Eight nests have been found, all in SE Peru (Cuzco and Madre de Dios) in Aug–Dec, differing in shape from those of H. cantator and H. peruviana, being deep pouch-shaped cups with mean outer dimensions of c. 78 mm by 74 mm and 89 mm high and the cup measured c. 53 mm wide by 52 mm deep, woven with dead palm fronds, bamboo (Guadua) leaves (in one nest), dead leaves and green moss, with lining of dry grass fibres and dark rootlets, placed 0·3–1·8 m above ground in dense understorey vegetation of ferns and shrubs, usually near streams, being specifically attached to branch forks of seedlings. However, a the one nest of race collinsi was described as cup-shaped, 10 cm in diameter, 10 cm deep, woven with dead palm fronds, dead leaves and green moss, and placed 25 cm above ground. Clutch two white eggs with highly variable brownish-red (race collinsi) or maroon (nominate) specks and streaks, the second laid two days after first, mean size 20·2 mm × 14·2 mm, mass 2·1 g; incubated by both adults in comparatively long stints of on average c. 1·5 hours (longest session 480 minutes by day, but female might incubate for up to 16 hours during afternoon and night), but overall period unknown. Young hatch naked with pinkish skin, yellow gape and feet, weight on day two 2·3 g and fledge after 11 days (at one nest) at mass 11·8 g, being provisioned and brooded by both adults during nestling period, with rates of feeding increasing, from c. 2 times per hour during first three days, to almost five times per hour on days 4–5 and to more than seven times per hour in final stages. Of seven nests with known outcomes, six failed, all as a result of predation. Lifespan unknown, but one adult male retrapped five years after first being caught, still on same territory.
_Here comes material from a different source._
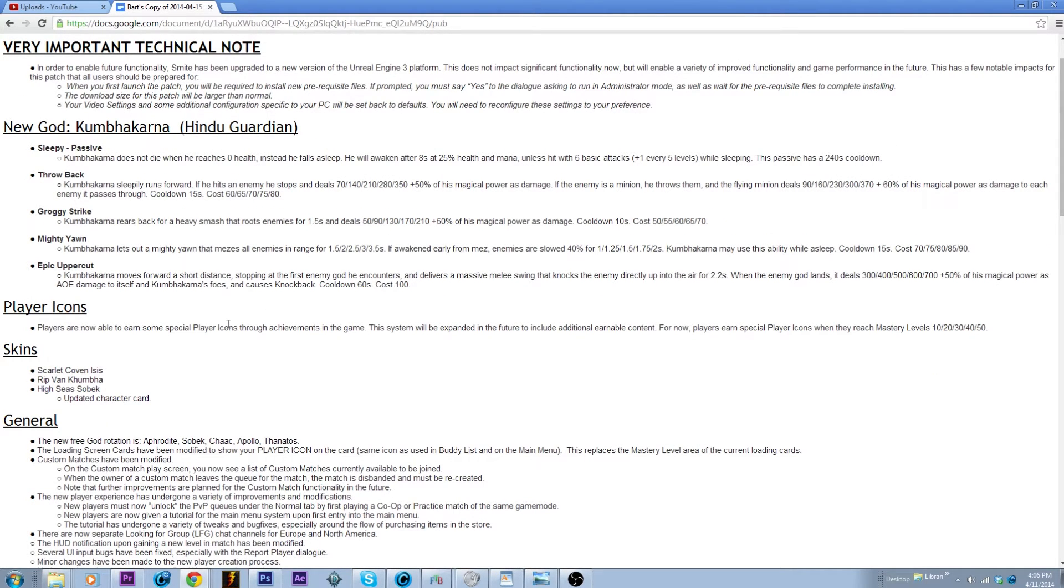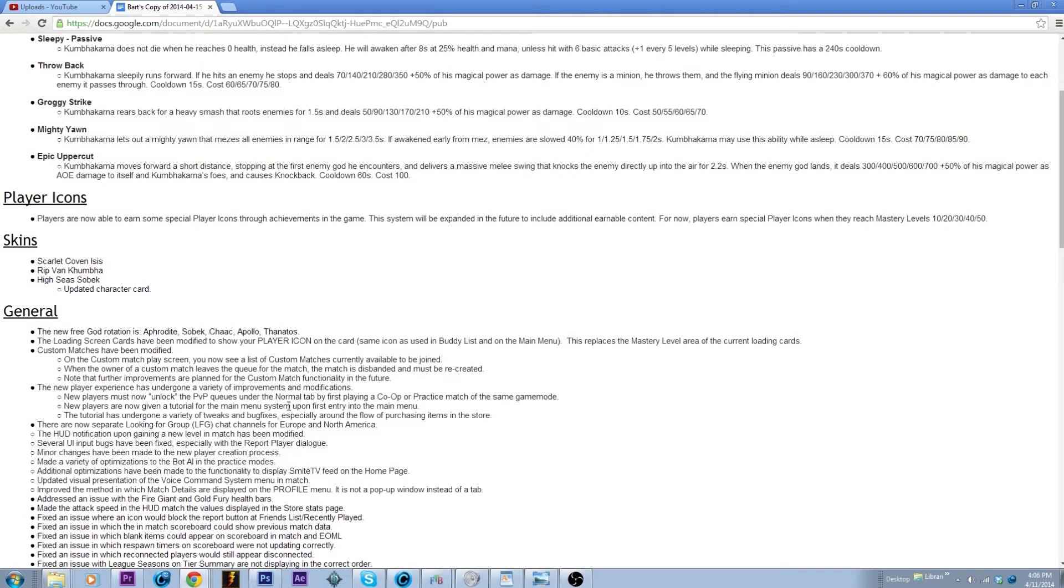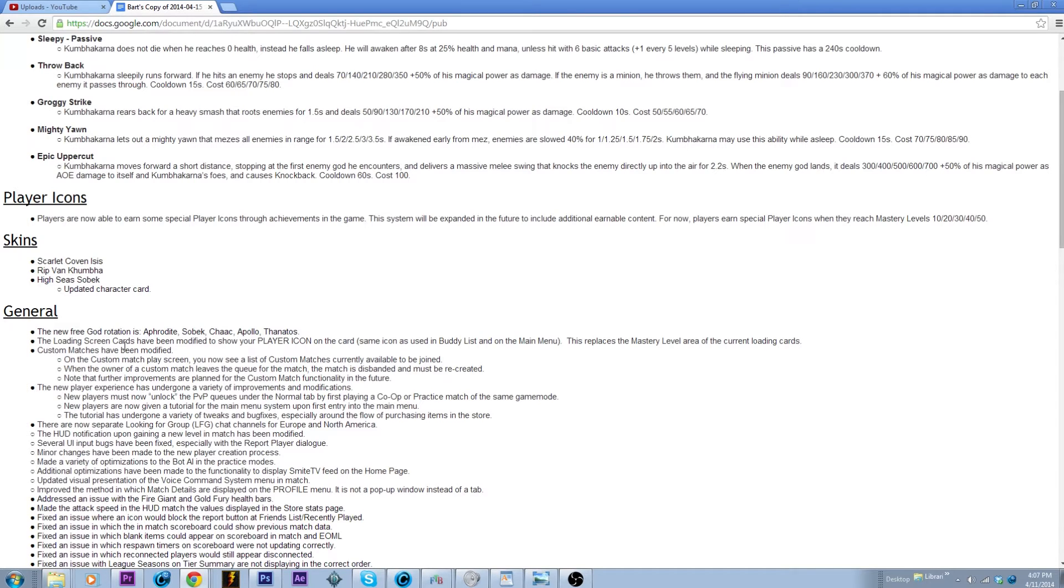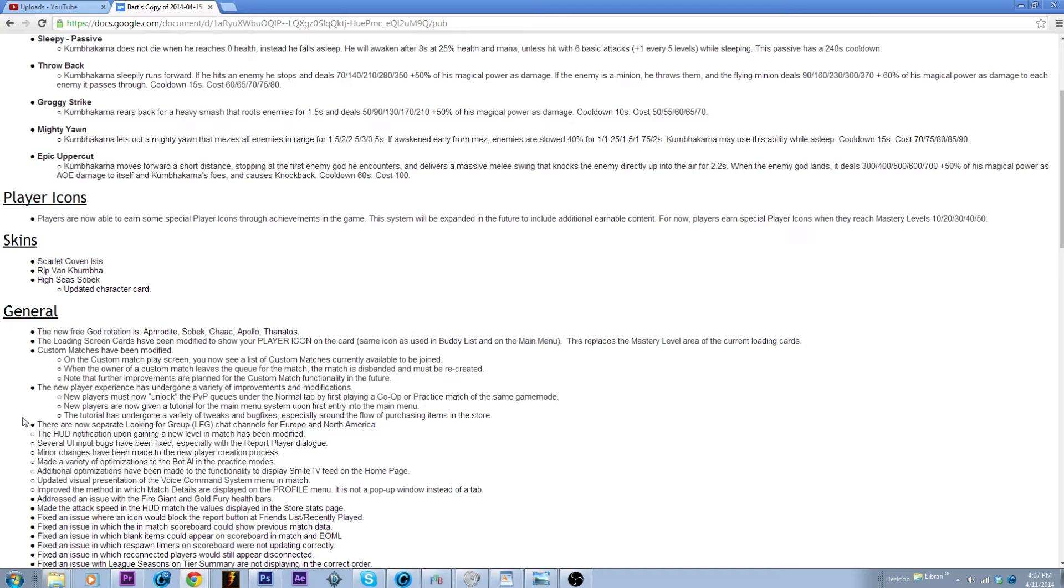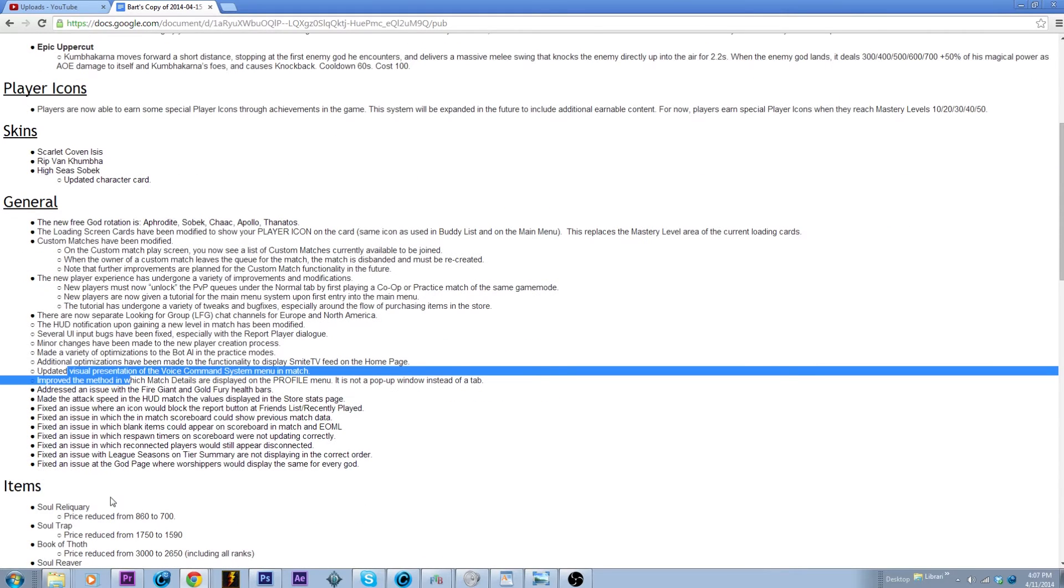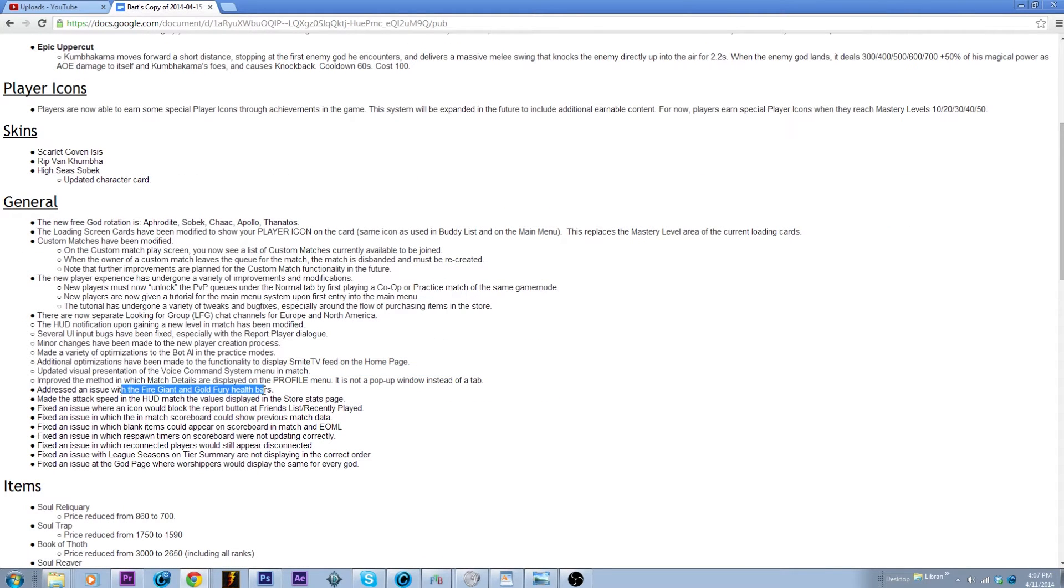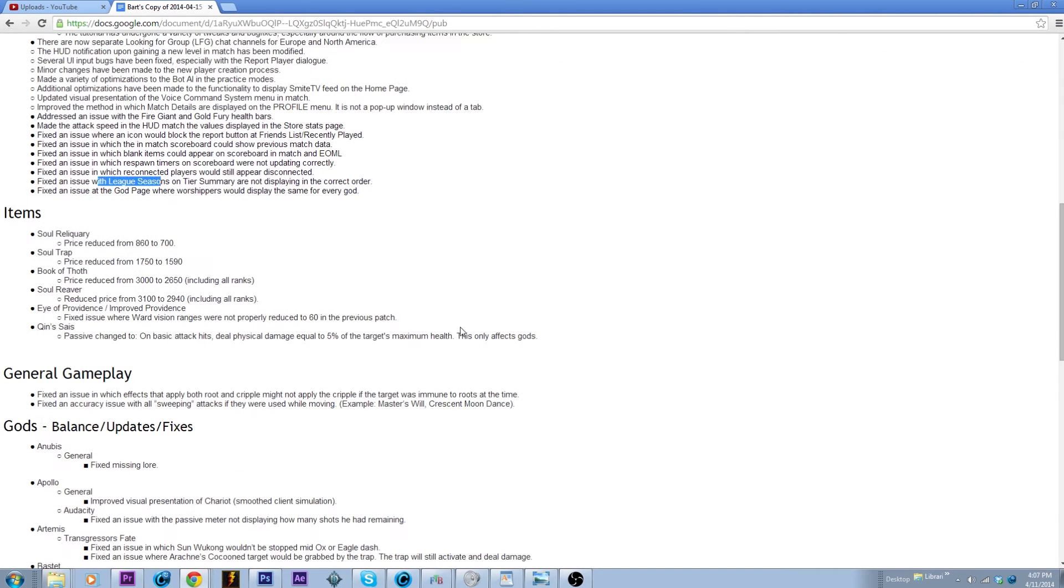That's him, we'll look at him more tomorrow or today I guess because I don't know, this is probably gonna come out very soon after I record it. Player icons, blah blah blah I don't care. Scarlet Coven Isis looks pretty awesome, another skin for him, High Seas, blah blah blah don't care. Custom matches, that looks really cool. You're able to see all the games that have been made and you can set it to private or just set a password so that's kind of cool. Some new player stuff, that's cool. UI fixes, HUD, blah blah blah don't care.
Not globally threatened (Least Concern). Fairly common to common throughout most of its extensive range, e.g. in E Acre (Brazil), where it was only recently (since 1997) discovered and where it appears to replace H. hypoxantha geographically, with the latter being apparently restricted to W Acre. Known from a number of protected areas including Madidi National Park, in Bolivia, the Reserva Extrativista Chico Mendes and Catuaba Reserve, in Brazil, and Manu Biosphere Reserve and Tambopata-Candamo Reserved Zone, in Peru.